In recent years, pretrained models have been widely used in various fields, including natural language understanding, computer vision, and natural language generation. However, the performance of these language generation models is highly dependent on the model size and the dataset size. While larger models excel in some aspects, they cannot learn up-to-date knowledge and are relatively difficult to relearn.
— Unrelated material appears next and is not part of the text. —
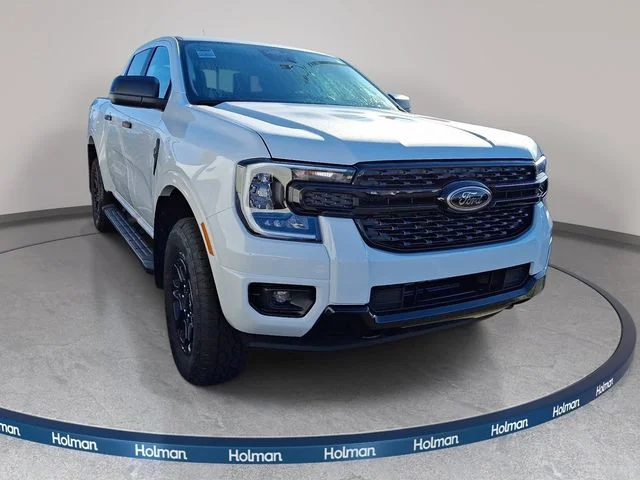 New 2026 Oxford White Ford XLT image 3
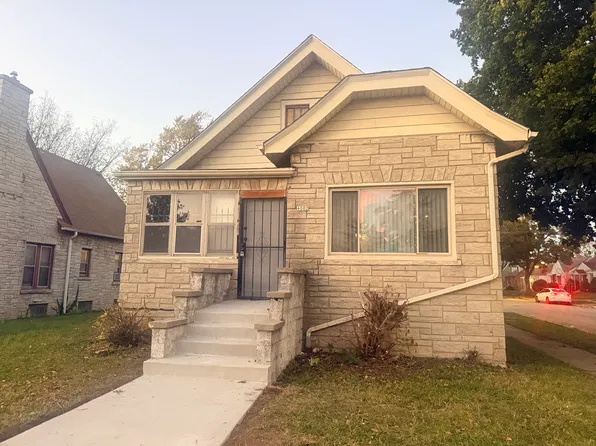 4002 W Hampton Ave, Milwaukee, WI 53209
In this paper, we introduce EvoText, a novel training method that enhances the performance of any natural language generation model without requiring additional datasets during the entire training process (although a prior dataset is necessary for pretraining). EvoText employs two models: $G$, a text generation model, and $D$, a model that can determine whether the data generated by $G$ is legitimate. Initially, the fine-tuned $D$ model serves as the knowledge base. The text generated by $G$ is then input to $D$ to determine whether it is legitimate. Finally, $G$ is fine-tuned based on $D$'s output. EvoText enables the model to learn up-to-date knowledge through a self-escalation process that builds on a priori knowledge. When EvoText needs to learn something new, it simply fine-tunes the $D$ model. Our approach applies to autoregressive language modeling for all Transformer classes. With EvoText, eight models achieved stable improvements in seven natural language processing tasks without any changes to the model structure.
翻译:翻译后的摘要:
近年来,预训练模型已广泛应用于各个领域,包括自然语言理解、计算机视觉和自然语言生成。但是,这些语言生成模型的性能高度依赖于模型大小和数据集大小。虽然较大的模型在某些方面表现出色,但它们无法学习最新知识,并且相对难以重新学习。在本文中,我们介绍了 EvoText,这是一种新的训练方法,可以提高任何自然语言生成模型的性能,而不需要在整个训练过程中使用额外的数据集(虽然预训练需要先前的数据集)。EvoText采用两个模型:$G$,文本生成模型,和 $D$,可以确定 $G$ 生成的数据是否合法的模型。最初,微调的 $D$ 模型作为知识库。然后,将 $G$ 生成的文本输入到 $D$ 中以确定其是否合法。最后,基于 $D$ 的输出对 $G$ 进行微调。EvoText 通过自我升级过程来构建先验知识,从而使模型学习最新知识。当 EvoText 需要学习新东西时,它只需微调 $D$ 模型即可。我们的方法适用于所有 Transformer 类的自回归语言建模。通过 EvoText,8 个模型在7个自然语言处理任务中实现了稳定的改进,而无需更改模型结构。